# [Try it]
Your reply should consist solely of the number of lines in the data that contain "تكتك".

★ ★ ★

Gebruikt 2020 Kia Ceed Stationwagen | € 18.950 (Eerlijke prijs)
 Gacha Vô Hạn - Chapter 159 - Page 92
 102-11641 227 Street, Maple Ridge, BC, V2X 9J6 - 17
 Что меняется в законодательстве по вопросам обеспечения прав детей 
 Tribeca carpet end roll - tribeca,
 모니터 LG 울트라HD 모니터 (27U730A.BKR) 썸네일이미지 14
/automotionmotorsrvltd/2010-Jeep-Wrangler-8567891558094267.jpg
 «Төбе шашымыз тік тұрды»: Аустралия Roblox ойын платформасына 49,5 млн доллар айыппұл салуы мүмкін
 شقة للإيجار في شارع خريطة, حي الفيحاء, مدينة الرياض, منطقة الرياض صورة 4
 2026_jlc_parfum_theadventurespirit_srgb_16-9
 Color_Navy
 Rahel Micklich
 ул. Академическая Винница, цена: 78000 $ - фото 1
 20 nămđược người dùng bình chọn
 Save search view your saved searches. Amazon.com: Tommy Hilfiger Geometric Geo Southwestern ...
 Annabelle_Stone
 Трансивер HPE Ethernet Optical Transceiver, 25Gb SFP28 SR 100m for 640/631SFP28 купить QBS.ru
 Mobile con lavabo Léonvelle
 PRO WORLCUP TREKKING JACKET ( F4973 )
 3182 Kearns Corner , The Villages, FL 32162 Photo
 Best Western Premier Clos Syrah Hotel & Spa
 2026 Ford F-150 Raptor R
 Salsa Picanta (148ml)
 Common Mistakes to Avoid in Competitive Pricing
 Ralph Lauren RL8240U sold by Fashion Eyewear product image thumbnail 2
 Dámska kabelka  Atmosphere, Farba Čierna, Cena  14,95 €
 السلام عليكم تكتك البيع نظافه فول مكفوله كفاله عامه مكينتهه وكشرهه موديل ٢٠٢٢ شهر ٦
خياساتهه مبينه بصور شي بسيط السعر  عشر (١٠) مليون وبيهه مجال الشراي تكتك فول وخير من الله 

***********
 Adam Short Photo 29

★ ★ ★

# [Answer]
2